On the flight to Natal I started thinking about the process of handling the sequencing data files we will (hopefully!) be generating on this trip. There’s something about starting new projects that gives you the incentive to avoid all the problems of the last one, isn’t there?

And given that I’m about as useful in the lab as a chocolate teapot it’s also a chance to write some scripts that will be useful for the folks running the sequencing.

One thing I’ve been meaning to do for literally two years now is to add a function to poretools that helps organise the files that come off MinKNOW during a sequencing run. Even a short Zika sequencing run on R9 can generate 100k-500k reads as our amplicon scheme is quite short.

Managing these files has traditionally been quite tedious: by default the software dumps everything indiscriminately into c:\data\reads. This means if you start a couple of runs without clearing the folder in-between you end up with a huge directory of files from different runs.

This is a real pain and is also potentially a problem if you don’t realise this has happened - you could potentially analyse a mixture of runs by mistake with disastrous consequences.

Enter poretools organise.

This simple poretools command takes a directory of FAST5 files (it is intended to operate on prebasecalled files, but it would work on post-basecalled files too).

For each file it will strip out important metadata:

  • hostname - the name of the laptop or PC that processed this read
  • asic_id - the ASIC ID on the flowcell being used
  • run_id - the randomly generated run ID that gets made each time MinKNOW is started
  • exp_start_time and start_time - the start time of the run and the time of the read

From this information it will make a new file path for the read in the format:

hostname/asic_id/run_id/hour

And either copy or move the file depending on if you specify the --copy argument.

So, an intended usage would be:

poretools c:\data\reads c:\tidydir

A word of warning on the ASIC ID: although the reads written by MinKNOW have a placeholder for flowcell_id, this field I think is always null. The ASIC ID can be used as a proxy for the flowcell_id, but with a caveat– flowcells get recycled > via ONT, so there is a non-zero chance that you could see the same asic_id twice on different shipments of flowcells!

A frustrating finding is that I cannot see an easy way of getting the actual user-supplied sample information from the FAST5 files other than through parsing of the filename, which I wanted to avoid. This does mean that the directory names are quite ugly and unintuitive right now.

Matt Loose mentioned on Twitter that in fact you can get this information from reads generated by the latets version of MinKNOW in the context_tags attribute. I’ve updated the script to use this!

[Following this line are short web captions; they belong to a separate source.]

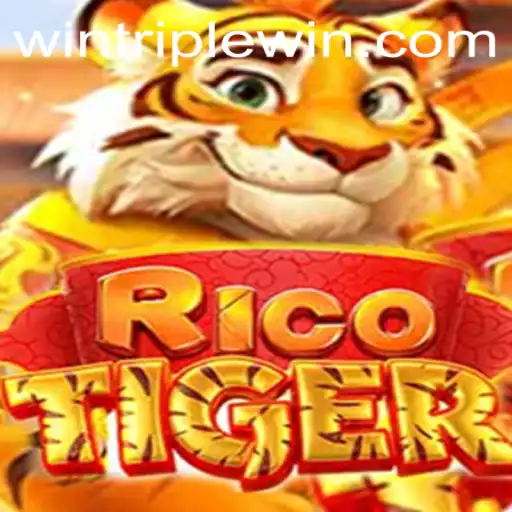 Discover the Thrills of RicoTiger: Unveiling the Exciting Triplewin Gameplay!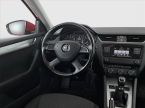 Škoda Octavia - fotka číslo 6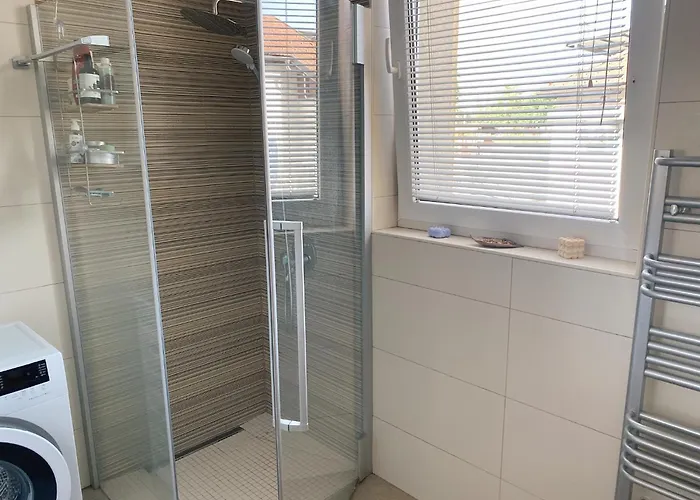 Cosy Tivoli Center Free Park Appartement *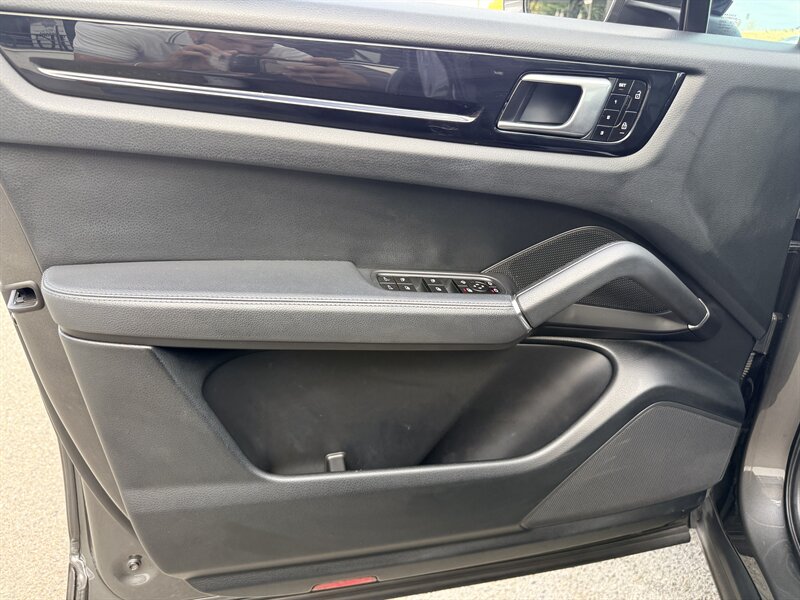 2020 Porsche Cayenne - Photo 20 - Dublin, CA 94568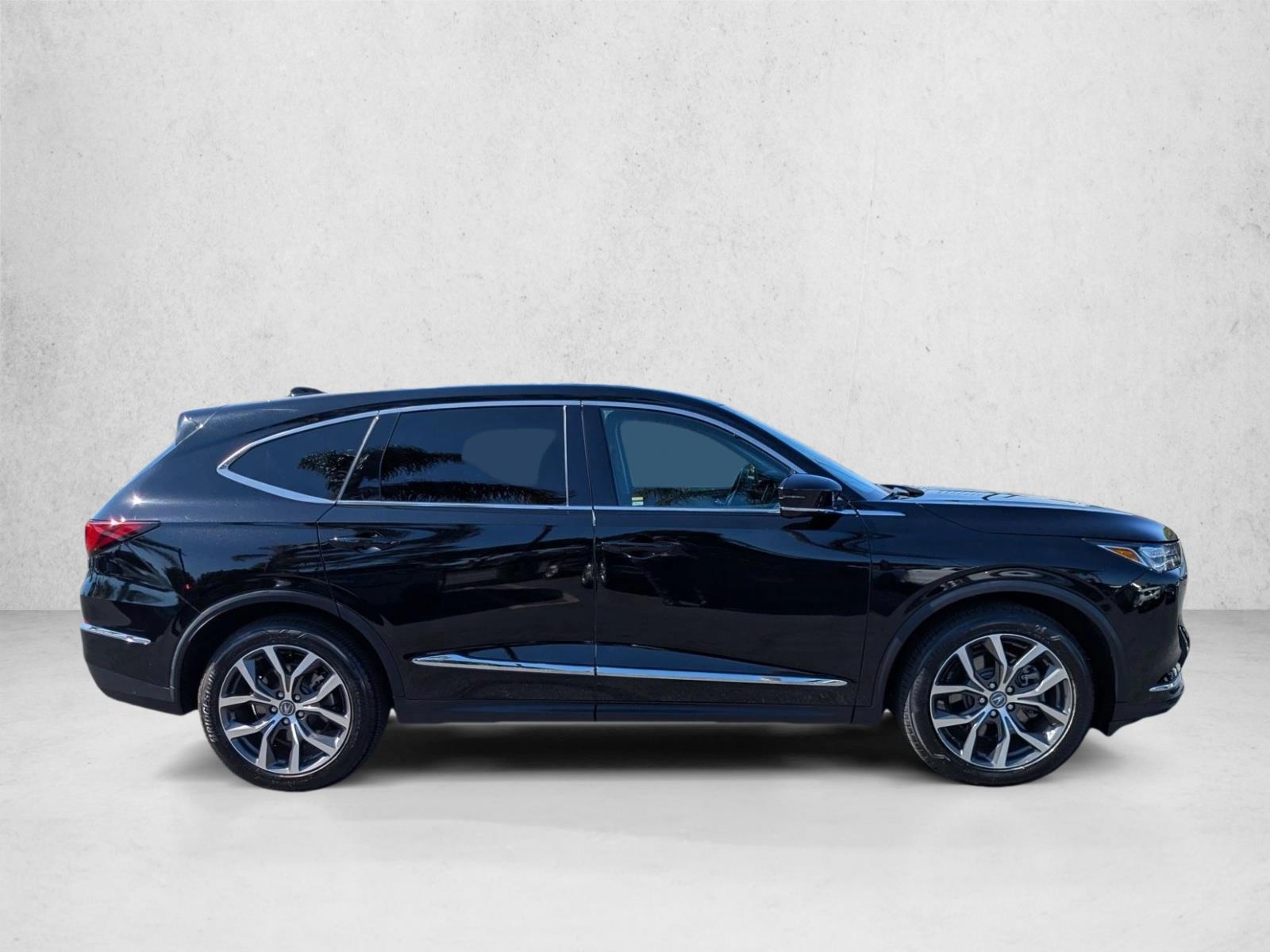 2024 Acura MDX Technology photo 4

When I get a bit more time the next feature to add would be to automatically tar the run up by hour (or configurable length) chunks.

It would also be nice to make the format of the directory names configurable.

Then the plan would be to rsync these folders to a backup hard drive and online. rsync will likely perform better with larger file chunks.

poretools organise is in the master branch of the Github repository but not yet in an official release.

As always thanks to Aaron Quinlan for being the brains behind poretools and for tidying up any messes I leave behind!

And of course, pull requests always welcome, particularly if folks can think of a way of prettying up that directory tree from the information contained in the FAST5 metadata.